Sustainability Report 2020, leather enters the European Green Deal

Sustainability Report 2020, leather enters the European Green Deal

Leather enters the European Green Deal. If the EU goal is to decarbonise the EU area by 2050, favouring circular economic models and those favouring durable and reusable materials, leather can be said as to be aligned already. After integrating the sustainable development goals of the UN 2030 agenda in 2019, the UNIC report is proposed as a tool for operators and stakeholders to ensure that leather is recognised as a material protagonist of the green revolution.

Leather enters the European Green Deal

The Sustainability Report was presented on December 3rd during UNIC – Italian Tanneries Assembly.
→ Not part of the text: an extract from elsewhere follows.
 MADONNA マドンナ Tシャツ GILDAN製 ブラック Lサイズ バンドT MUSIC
The document, in its 18th edition, photographs leather as a biological, renewable material from a recovered origin.

From the point of view of social sustainability, the report photographs a 21.5% share of female employment in the sector, as well as a stable accident rate on an annual basis, with an incidence of 25% of accidents while traveling.

While the tanning association spends its efforts on collective initiatives, the environmental performance of the industry is confirmed, in historical series, to be positive. The production of waste per square meter of finished leather, for example, went from 1.75 kilos from the previous year to 1.65 kilos detected by the 2020 report. 75.4% of this waste, in any case, is destined to be recovered.
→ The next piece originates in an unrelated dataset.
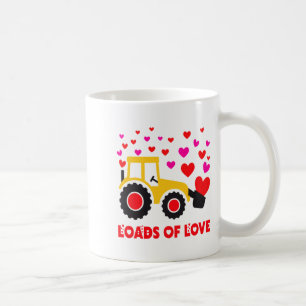 Loads Of Love Toddler Tractor Valentines Day For K Coffee Mug
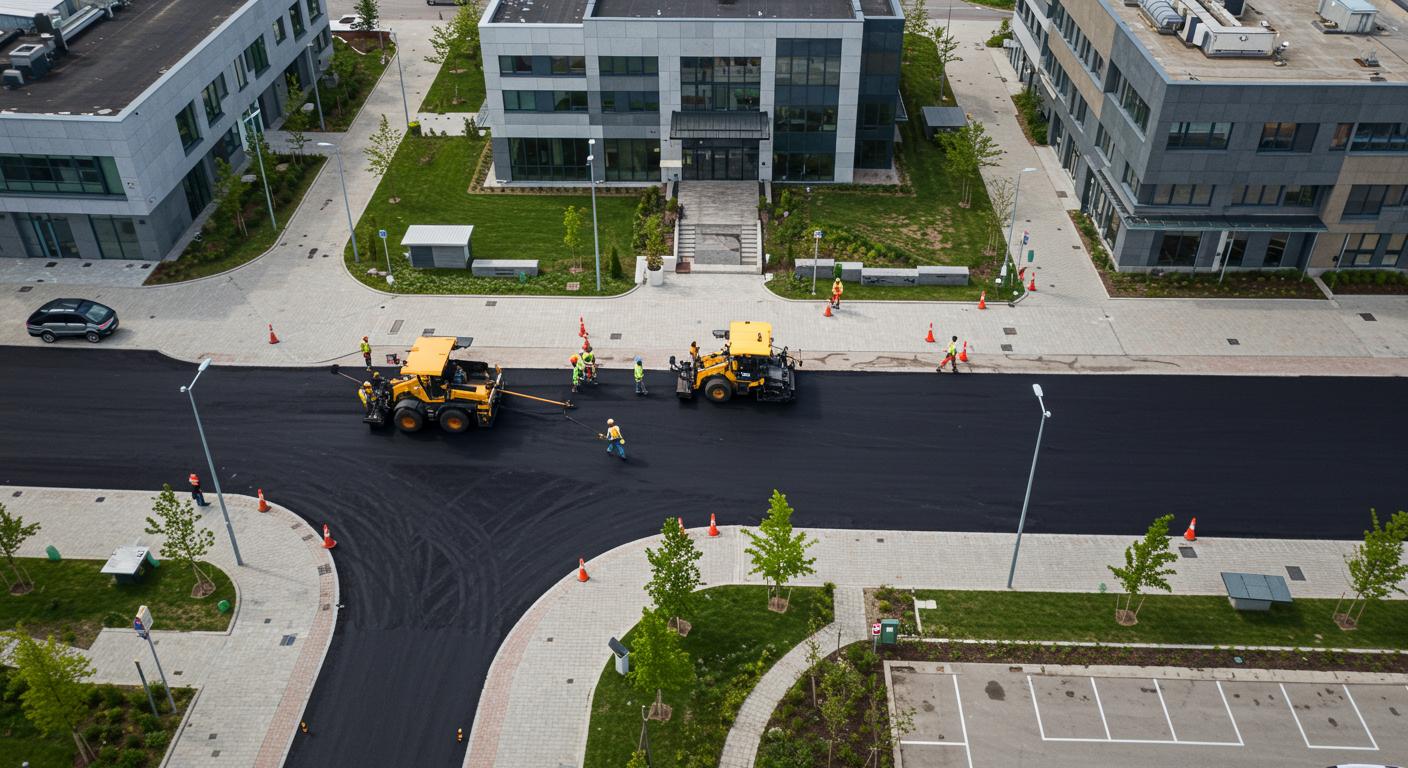 Асфальтирование территории бизнес-центров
Collaborations and animal welfare

The 2020 Sustainability Report also describes UNIC initiatives in favour of tools that make the supply chain traceable and safe. A few examples? The Traceability of Sustainable Value Chains project, developed in collaboration with UNECE (UN economic cooperation) and ITC.

But also DCF Leather project, launched with the Brazilian CICB and CSCB, ICEC certification body and some international partners. DCF Leather intends to guarantee the origin of the hides from sources unrelated to deforested areas: after Brazil, it is in the process of expanding to other supply areas relevant to the sector.

In the meantime, UNIC’s collaboration with the Department of Veterinary Medicine of the University of Milan ended in 2020. The two partners have mapped regulations regarding animal welfare in the main procurement markets of the Italian tanning industry. This way, its characteristics have been described in the context of breeding, as we said, transport and slaughter.